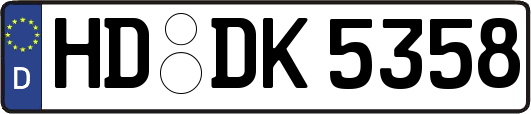 HD-DK5358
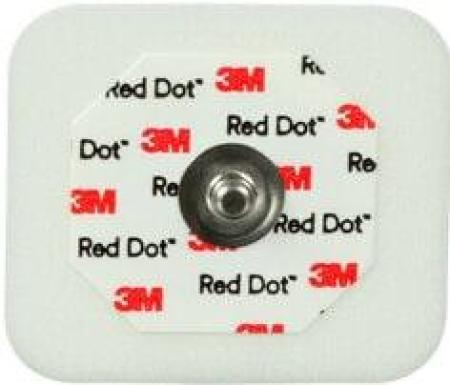 3M™ Red Dot™ EKG-Elektroden, 3,5 cm x 4 cm, 50 Stk.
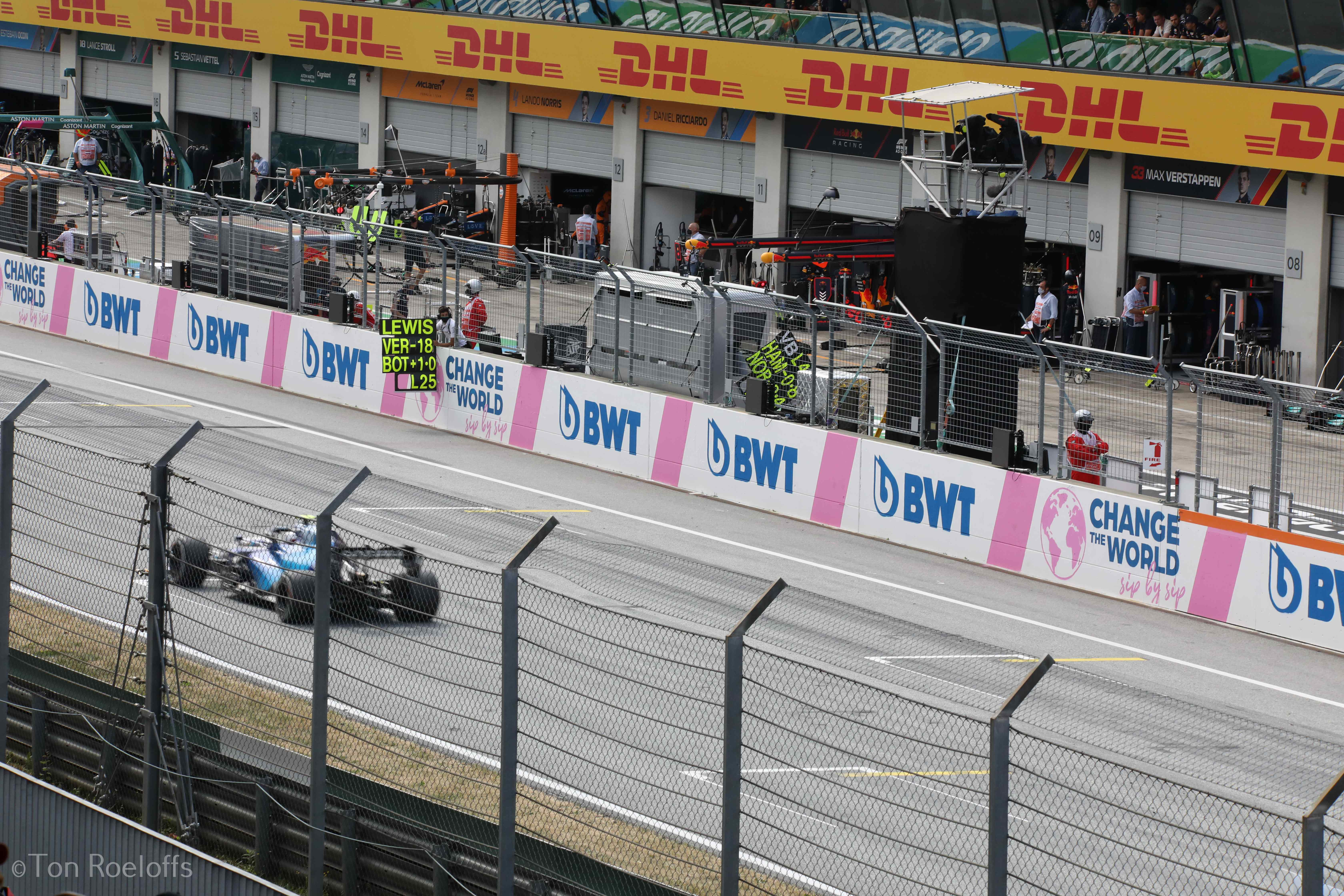 Vettel rechte stuk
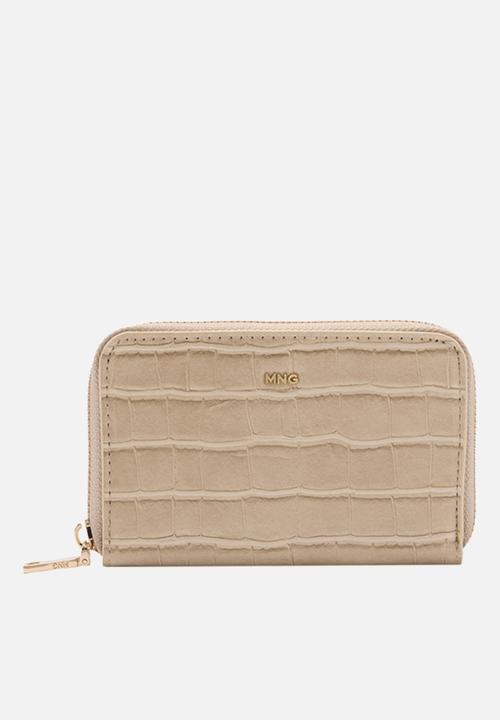 MANGO - Wallet butter - neutral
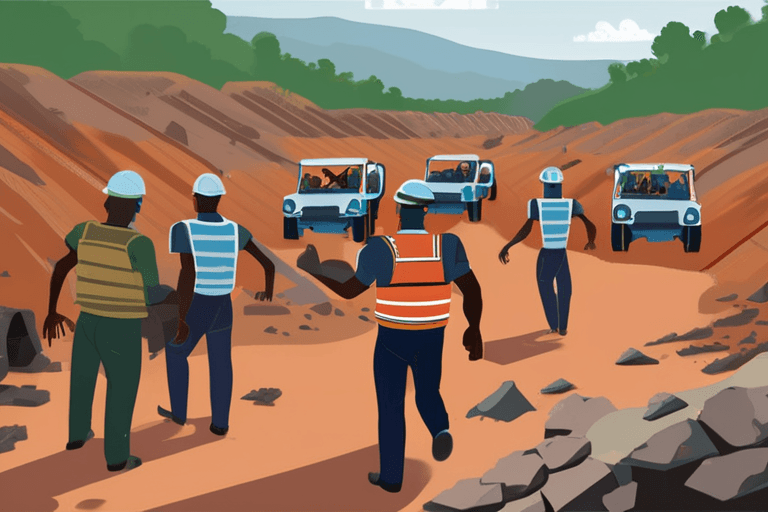 डीआर कांगो: खदान धंसने से 200 से ज़्यादा लोगों की मौत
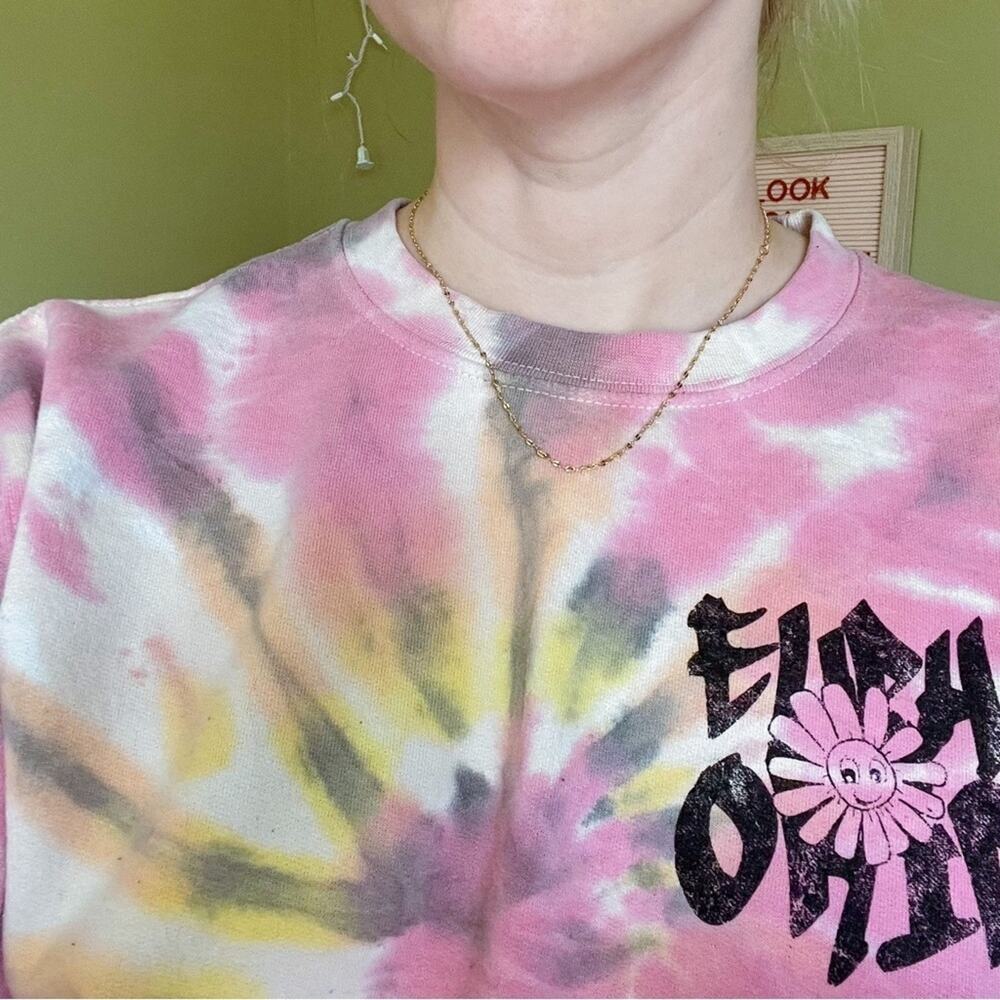 NWOT✨ Dainty Paperclip Gold Chain Necklace Adjustable Layering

····················

Your instructions ->
Quote the records in their entirety, keeping the wording exact and excluding pictures.

Expected output ->
 HD-DK5358
 3M™ Red Dot™ EKG-Elektroden, 3,5 cm x 4 cm, 50 Stk.
 Vettel rechte stuk
 MANGO - Wallet butter - neutral
 डीआर कांगो: खदान धंसने से 200 से ज़्यादा लोगों की मौत
 NWOT✨ Dainty Paperclip Gold Chain Necklace Adjustable Layering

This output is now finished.